According to this report, in January 2015, 37 percent of people said that Islam had a place in Germany, but the figure in this latest poll dropped by 15 percentage points to just 22 percent.
But the negative attitude towards Islam does not directly translate into mistrust toward those adhering the religion. Less than 30 percent said they would not like to live alongside Muslim people, while almost half said they were fine with it.
The suspicion towards Islam is overwhelming among the right-wing Alternative for Germany party (AfD) voters, 92 percent of whom supported their party’s stance. At the weekend, the AfD backed an election manifesto which slams Islam as incompatible with the country’s constitution and calls for a ban on Islamic symbols, claiming that there is “no place for Islam in Germany” in its political programme.
The AfD manifest reads:
An orthodox form of Islam that does not respect our laws or even resists them, and makes a claim to be the only valid religion does not correspond to our legal system and culture.
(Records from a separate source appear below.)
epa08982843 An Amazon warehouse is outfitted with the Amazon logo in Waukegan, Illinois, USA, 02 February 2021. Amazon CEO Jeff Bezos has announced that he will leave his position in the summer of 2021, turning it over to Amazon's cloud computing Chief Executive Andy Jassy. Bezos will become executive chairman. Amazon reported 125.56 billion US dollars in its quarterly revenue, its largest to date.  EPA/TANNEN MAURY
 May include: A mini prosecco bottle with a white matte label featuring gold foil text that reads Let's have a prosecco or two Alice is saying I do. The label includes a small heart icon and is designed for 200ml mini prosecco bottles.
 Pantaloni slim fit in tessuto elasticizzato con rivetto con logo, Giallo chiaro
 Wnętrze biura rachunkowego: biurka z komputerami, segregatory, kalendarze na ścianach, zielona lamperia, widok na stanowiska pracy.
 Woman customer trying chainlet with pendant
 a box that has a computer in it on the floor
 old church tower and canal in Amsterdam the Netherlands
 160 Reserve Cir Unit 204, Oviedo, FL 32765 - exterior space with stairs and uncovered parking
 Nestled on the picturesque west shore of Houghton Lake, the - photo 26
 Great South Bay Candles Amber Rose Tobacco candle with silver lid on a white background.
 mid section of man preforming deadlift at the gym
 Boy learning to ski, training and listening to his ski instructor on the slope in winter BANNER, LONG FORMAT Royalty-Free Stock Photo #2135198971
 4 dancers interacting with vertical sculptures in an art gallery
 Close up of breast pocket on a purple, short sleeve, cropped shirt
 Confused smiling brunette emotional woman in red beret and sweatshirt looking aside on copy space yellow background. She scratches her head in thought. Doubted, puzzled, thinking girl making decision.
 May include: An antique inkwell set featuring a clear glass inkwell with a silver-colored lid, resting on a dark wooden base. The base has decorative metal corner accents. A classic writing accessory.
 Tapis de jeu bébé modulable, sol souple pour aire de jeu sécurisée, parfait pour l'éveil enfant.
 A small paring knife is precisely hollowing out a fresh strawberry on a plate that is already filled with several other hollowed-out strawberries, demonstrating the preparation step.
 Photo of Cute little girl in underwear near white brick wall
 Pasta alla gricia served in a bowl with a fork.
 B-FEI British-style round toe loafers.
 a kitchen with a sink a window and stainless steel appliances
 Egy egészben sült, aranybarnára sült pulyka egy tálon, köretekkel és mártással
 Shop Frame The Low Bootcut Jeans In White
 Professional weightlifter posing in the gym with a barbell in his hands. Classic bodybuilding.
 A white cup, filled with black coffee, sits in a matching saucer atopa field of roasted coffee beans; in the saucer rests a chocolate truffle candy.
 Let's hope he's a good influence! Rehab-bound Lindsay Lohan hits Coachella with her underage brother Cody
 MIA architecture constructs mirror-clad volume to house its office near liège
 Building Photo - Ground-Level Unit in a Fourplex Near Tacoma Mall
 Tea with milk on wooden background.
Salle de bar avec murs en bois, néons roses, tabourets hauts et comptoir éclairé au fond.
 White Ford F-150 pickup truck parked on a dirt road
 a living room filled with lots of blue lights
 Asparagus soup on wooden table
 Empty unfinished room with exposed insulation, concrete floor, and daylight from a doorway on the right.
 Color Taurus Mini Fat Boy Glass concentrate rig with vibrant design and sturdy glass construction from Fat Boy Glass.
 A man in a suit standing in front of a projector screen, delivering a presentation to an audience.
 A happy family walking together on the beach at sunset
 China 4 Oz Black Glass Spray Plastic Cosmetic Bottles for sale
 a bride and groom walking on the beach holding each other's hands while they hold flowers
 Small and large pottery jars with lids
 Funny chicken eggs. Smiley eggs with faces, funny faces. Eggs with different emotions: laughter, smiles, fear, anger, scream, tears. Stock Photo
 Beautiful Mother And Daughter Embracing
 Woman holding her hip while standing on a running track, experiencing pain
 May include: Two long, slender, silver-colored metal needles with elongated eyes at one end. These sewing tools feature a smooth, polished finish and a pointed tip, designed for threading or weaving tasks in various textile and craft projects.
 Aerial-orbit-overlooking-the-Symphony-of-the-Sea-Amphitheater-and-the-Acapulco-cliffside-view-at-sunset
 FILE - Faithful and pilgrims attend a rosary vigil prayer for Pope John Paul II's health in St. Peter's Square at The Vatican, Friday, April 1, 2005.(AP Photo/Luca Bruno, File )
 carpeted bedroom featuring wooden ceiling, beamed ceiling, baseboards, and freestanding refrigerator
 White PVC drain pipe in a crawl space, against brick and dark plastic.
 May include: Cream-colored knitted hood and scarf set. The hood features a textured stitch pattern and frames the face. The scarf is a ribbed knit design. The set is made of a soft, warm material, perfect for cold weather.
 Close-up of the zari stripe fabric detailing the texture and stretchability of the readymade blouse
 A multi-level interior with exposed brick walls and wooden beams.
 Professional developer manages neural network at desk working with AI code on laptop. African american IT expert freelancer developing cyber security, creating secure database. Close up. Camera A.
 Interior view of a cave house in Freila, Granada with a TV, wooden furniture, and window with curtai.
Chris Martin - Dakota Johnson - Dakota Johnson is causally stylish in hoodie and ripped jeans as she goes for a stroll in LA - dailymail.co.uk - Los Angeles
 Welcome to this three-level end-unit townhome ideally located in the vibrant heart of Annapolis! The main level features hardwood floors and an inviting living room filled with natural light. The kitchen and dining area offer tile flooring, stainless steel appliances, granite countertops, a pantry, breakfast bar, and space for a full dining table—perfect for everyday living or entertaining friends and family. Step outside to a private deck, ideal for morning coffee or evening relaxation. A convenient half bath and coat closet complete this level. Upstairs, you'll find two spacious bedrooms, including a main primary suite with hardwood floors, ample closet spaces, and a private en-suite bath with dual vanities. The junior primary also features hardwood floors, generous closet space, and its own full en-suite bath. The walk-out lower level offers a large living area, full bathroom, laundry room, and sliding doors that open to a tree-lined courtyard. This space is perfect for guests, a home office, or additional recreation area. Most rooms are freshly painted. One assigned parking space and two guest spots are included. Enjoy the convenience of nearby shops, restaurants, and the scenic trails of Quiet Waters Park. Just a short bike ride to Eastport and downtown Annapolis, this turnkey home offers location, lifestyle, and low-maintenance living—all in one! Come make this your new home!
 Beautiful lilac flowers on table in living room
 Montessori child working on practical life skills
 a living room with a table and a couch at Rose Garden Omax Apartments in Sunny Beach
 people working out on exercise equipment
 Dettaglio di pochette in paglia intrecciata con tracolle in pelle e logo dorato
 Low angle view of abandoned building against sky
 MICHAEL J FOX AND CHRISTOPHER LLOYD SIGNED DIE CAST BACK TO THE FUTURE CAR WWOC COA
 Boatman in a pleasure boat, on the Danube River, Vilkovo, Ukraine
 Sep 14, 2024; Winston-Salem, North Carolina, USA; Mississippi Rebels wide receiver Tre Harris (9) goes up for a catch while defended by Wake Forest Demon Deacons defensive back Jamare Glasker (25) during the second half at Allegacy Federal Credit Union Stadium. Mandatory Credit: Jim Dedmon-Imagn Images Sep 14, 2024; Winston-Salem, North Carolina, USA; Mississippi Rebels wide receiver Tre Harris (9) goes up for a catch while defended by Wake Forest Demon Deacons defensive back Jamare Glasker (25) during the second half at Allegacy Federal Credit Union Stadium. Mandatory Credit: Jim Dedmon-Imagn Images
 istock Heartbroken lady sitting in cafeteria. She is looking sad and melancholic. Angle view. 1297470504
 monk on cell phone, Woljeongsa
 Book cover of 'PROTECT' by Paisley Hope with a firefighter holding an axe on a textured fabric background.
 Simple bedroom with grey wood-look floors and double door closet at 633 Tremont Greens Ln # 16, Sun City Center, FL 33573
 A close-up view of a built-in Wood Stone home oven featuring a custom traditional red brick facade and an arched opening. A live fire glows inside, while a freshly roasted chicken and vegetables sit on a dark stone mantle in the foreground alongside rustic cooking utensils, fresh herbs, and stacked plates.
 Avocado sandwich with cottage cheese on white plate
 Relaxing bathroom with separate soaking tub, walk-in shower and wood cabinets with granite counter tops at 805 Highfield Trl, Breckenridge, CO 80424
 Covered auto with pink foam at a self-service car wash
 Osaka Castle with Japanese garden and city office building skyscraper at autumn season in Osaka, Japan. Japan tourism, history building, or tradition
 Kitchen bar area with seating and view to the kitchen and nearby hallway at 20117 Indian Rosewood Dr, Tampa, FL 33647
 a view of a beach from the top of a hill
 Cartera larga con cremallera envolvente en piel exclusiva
Among other things, the AfD wants to ban the construction of mosques and public wearing of the burqa. Sixty percent of the country’s citizens agree with the AfD, according to the poll.
Critics accuse AfD of playing the xenophobic card and preying on people’s fears. The Council of Muslims in Germany has compared the party’s ideas to Nazi ideology. Still, the AfD won elections in three regions recently.
Germany is among the European countries hit hardest by the ongoing refugee crisis. Last year, over one million asylum seekers arrived in the country from the Middle East.
Chancellor Angela Merkel’s government declared an open door policy towards refugees, but as problems and costs associated with the inflow of impoverished foreigners started to escalate, the EU sought help from Turkey to curb and reverse the influx. Brussels promised financial aid and political concessions to Ankara in exchange for halting the flow of refugees and agreeing to take back those whom the Europeans want to deport.